Stosowałem przez kilkadziesiąt tysięcy km w 1,6TSie 5W40 Liquy Moly High Tech i nie popijał go inaczej niż wcześniej Selenii 10W40 AR czy później od niedawna stosowanego w tym silniku 10W40 też LM. Aha, jeszcze przez 10tys był jakiś motul 10W40 . Też bez różnic które bym zarejestrował.
5W zastosowałem przy następnej wymianie, po kilku drastycznych dla ucha rozruchach w zimie, gdy jeszcze były zimy z prawie -30C a Alfa parkowała kilka dni nie ruszana pod chmurką. Później na 5W40 mimo zbliżnych temp i tygodniowego postoju czasem nie było takich efektów.
Zauważyłem (ależ odkrycie zrobiłem ! :) ) , że spalanie oleju od obrotów zależy jedynie. Podawałem tu chyba mój przykład - przez kilka tys km autostradami - ale w przepisowych prędkościach lub nawet wolniej, choć ze sporym oporem na dachu, na 5biegu - prawie zerowe zużycie oleju. Po czym po bodajże 300km po górzystej wyspie niskie biegi + wysokie obroty prawie nonstop, hamowania silnikiem itd - chyba ze szklanka na dolewkę poszła aby było max, w każdym razie zauważalna różnica.
Z tego co czytałem stosowanie od nowości oleju 5W40 w TS 16V (i jego wymiany co 10 000 km) rozwiązywało tam nie tylko problem wariatora ale i panewek.

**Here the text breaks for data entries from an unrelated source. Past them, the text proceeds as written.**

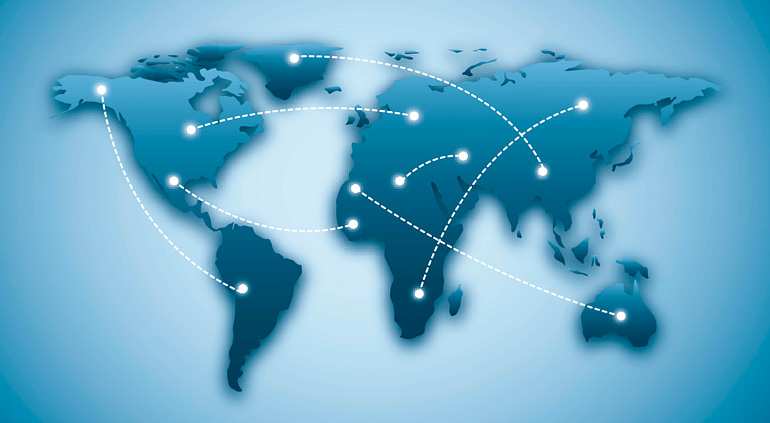 Austin Abraham Foundation Global Outreach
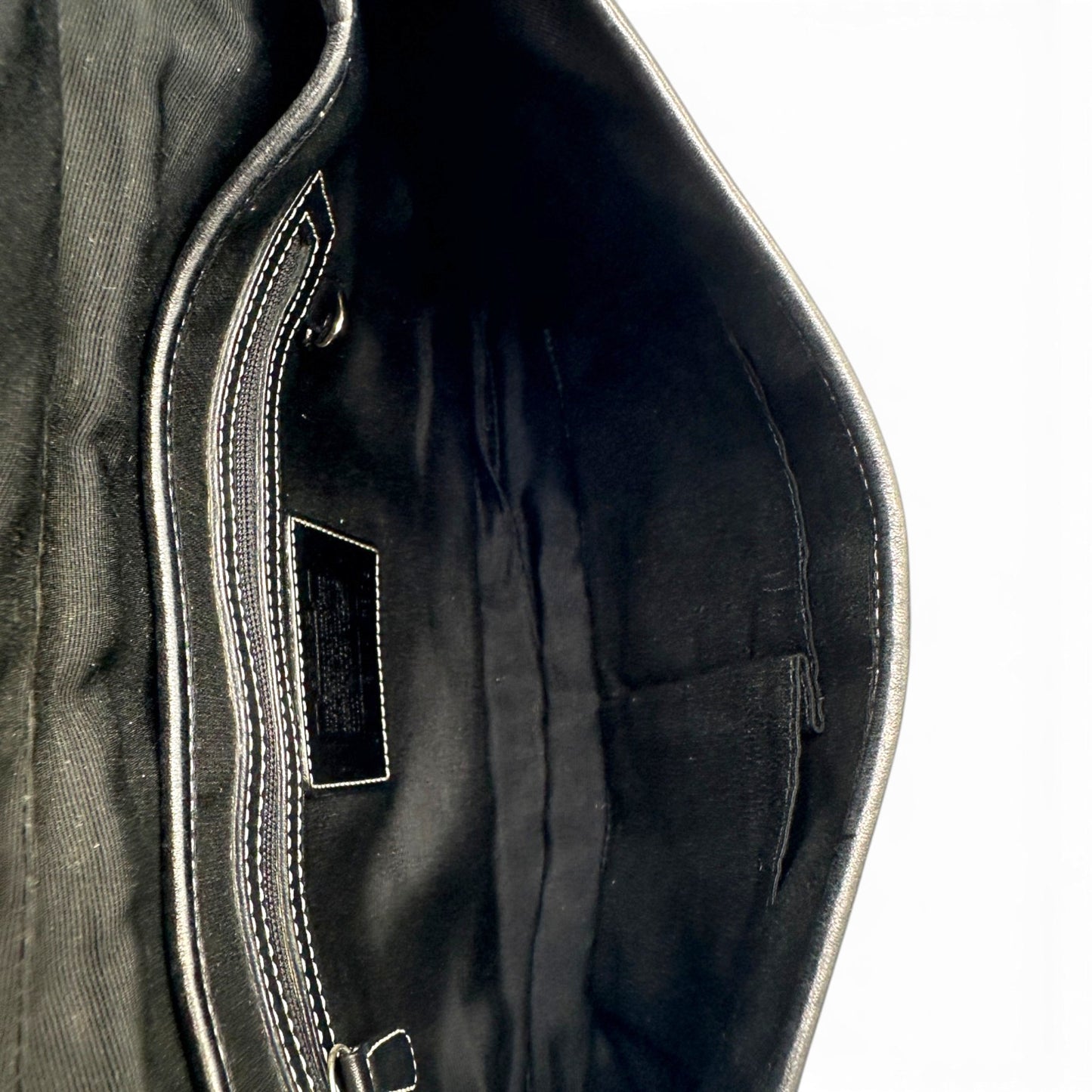 Vintage Coach 6808 Soho Shoulder Bag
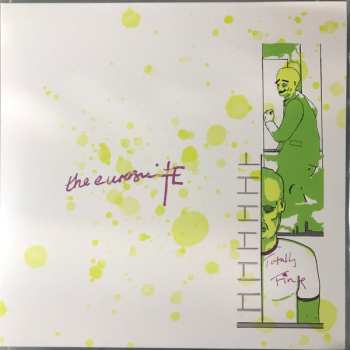 LP The Eurosuite: Totally Fine CLR | LTD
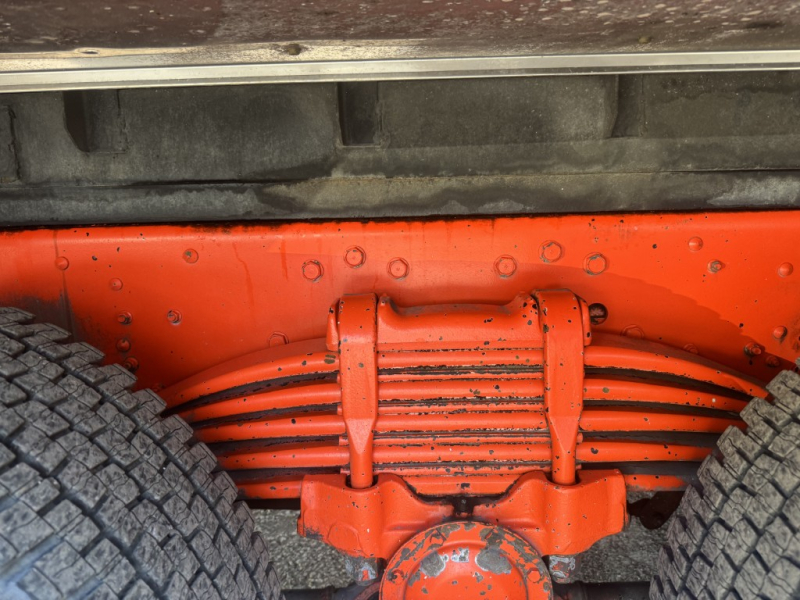 家畜運搬車ワイド増トンヤマダボデー車検付|中古トラックの販売・買取・査定のアイナビ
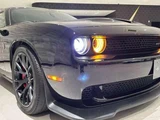 2018 Dodge Challenger SRT Hellcat Black Coupe for sale, Japanese used car export - photo 6 of 9 | GULJI TRADERS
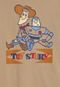 Camiseta GAP Toy Story Bege - Marca GAP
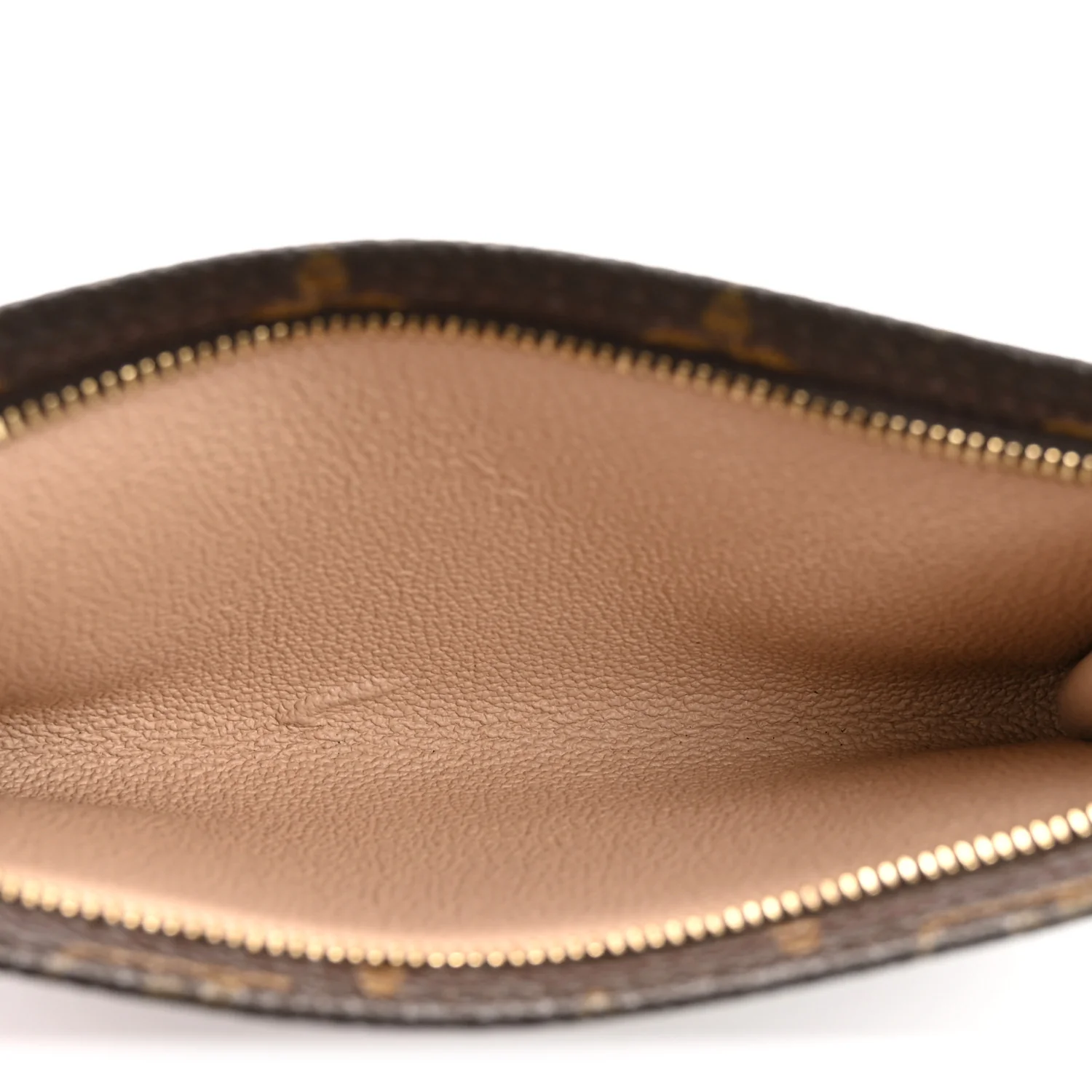 Monogram Bucket 23 Pouch - Image 5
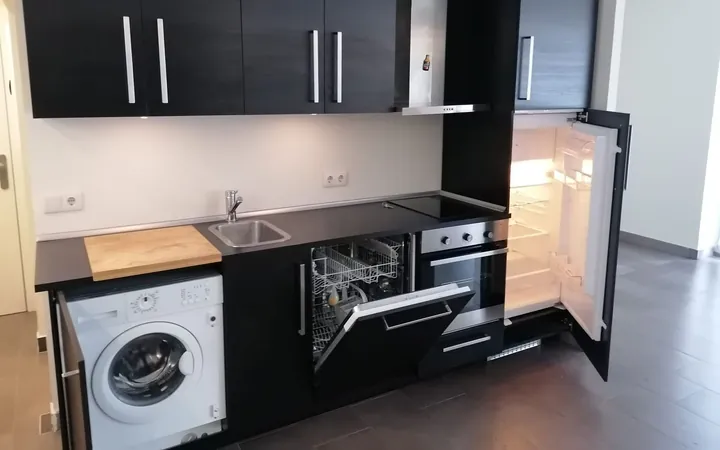 Estudio en Calle de Pere IV, 344, Provençals del Poblenou - Foto 4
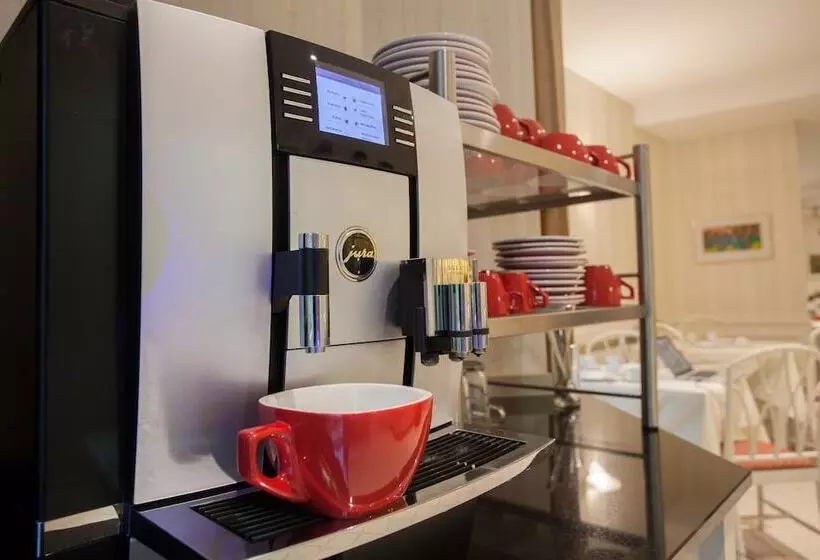 هتل Brandies An Der Messe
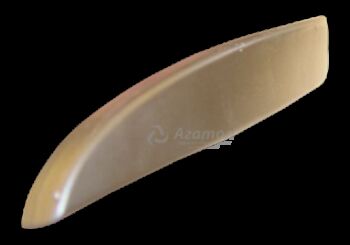 Накладка обивки двери задней правой (темно-серая) (ЦС) Оригинал T11-6202434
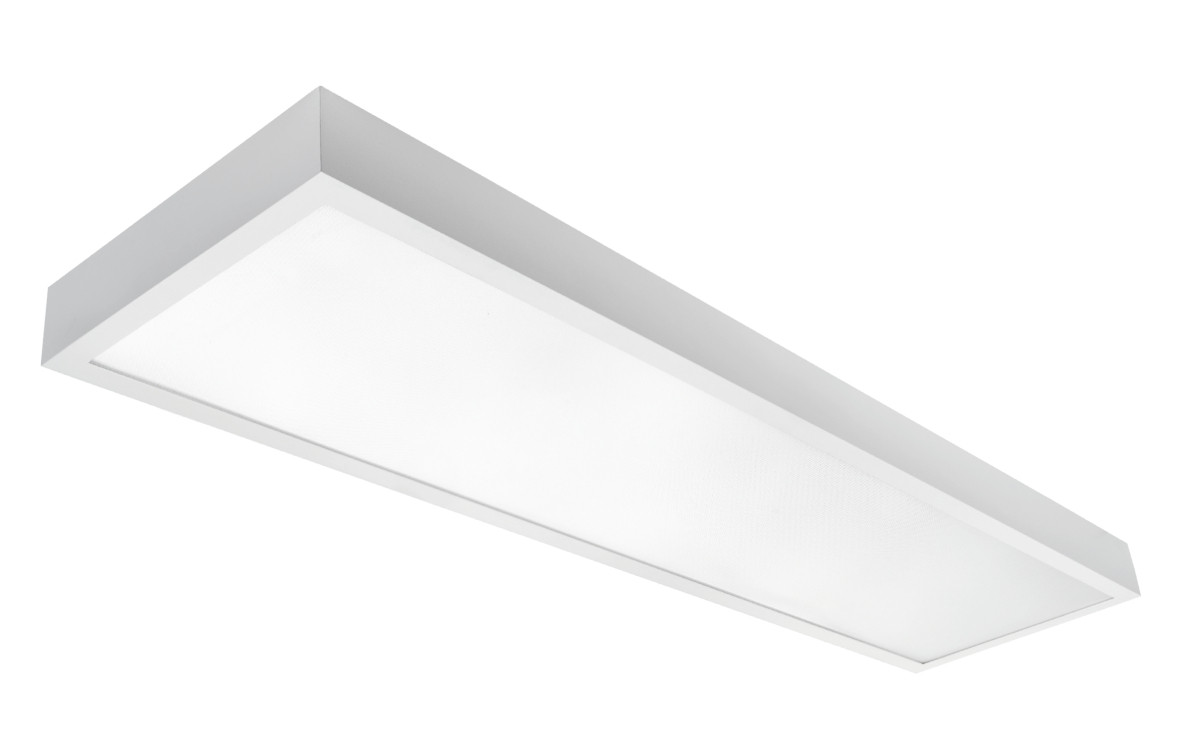 SG Sense Basic Surface Sense Basic surface 300x1200 wit 4290/4510LM 3000/4000K ra>80 dali-2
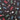 Fabric Raggedy Ann & Andy 1 Yard - 1
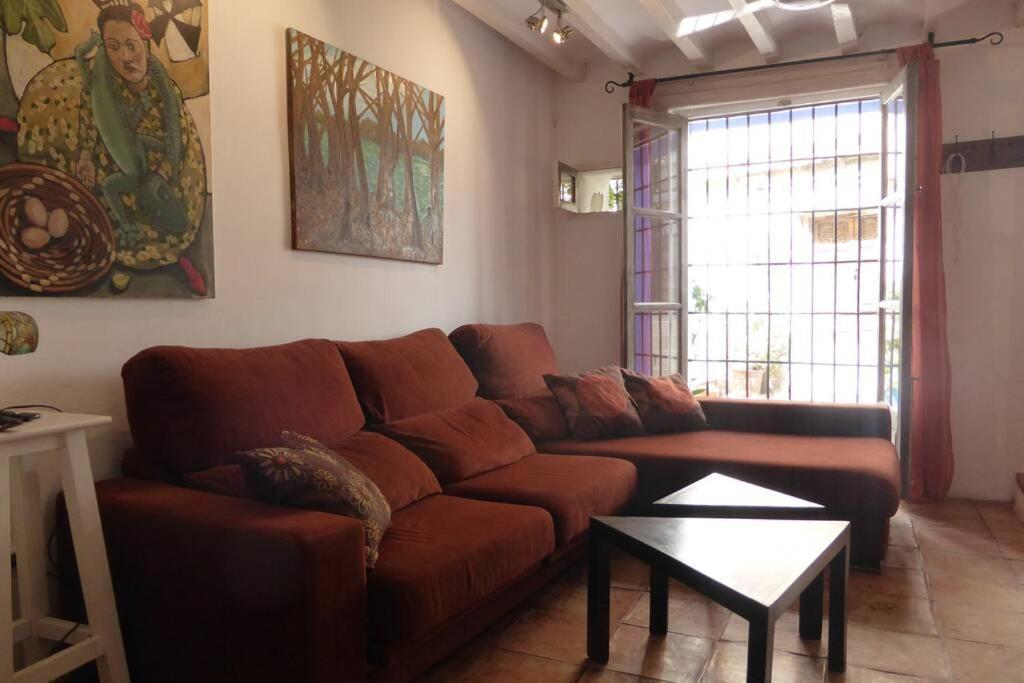 Holiday home Casa De Los Joses *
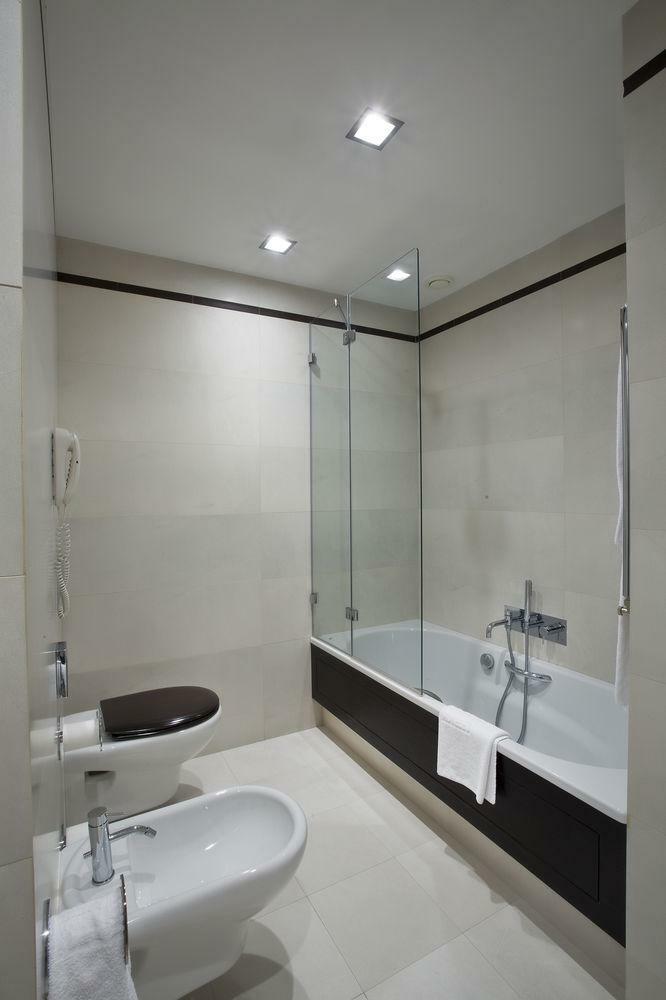 Hotel NH Collection Santiago De Compostela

Takie wnioski wyciągnięto na AlfaOwner's też w kilkuset stronowej dyskusji.
Ja do mojego 2.0 TS 16v, na zimę stosuję 5W40 , natomiast na lato w chwili obecnej 10W50.
Zobaczymy przy kolejnej wymianie rozrządu jak wyglądają panewki.
"okrytych złą sławą" - to termin wymyślony przez włascicieli ts-ow którzy lali np. 0w40 Mobil1 do tych silników "bo wiedzieli lepiej" co kończyło się zazwyczaj tym czym sie kończyło. Moja żona już szósty rok katuje 2.0 TS na 10w60 castrola - alfa już pod 200 tys przebiegu - i ani panewek jej się nie udało załatwić ani wariatora nie słychać. Zużycie oleju od wymiany do wymiany 1litr.
Bo z panewkami na ogół w tym silniku jest tak, że "nie znasz dnia ani godziny" ...
Szwagier dbał o 1.6 TS 16V, nie pałował na zimnym, studził jak diesla, olej wymieniał co 10 000 km (10W40, 10W60) i ... któregoś dnia usłyszał "puk, puk. Kto tam ? Panewka :)".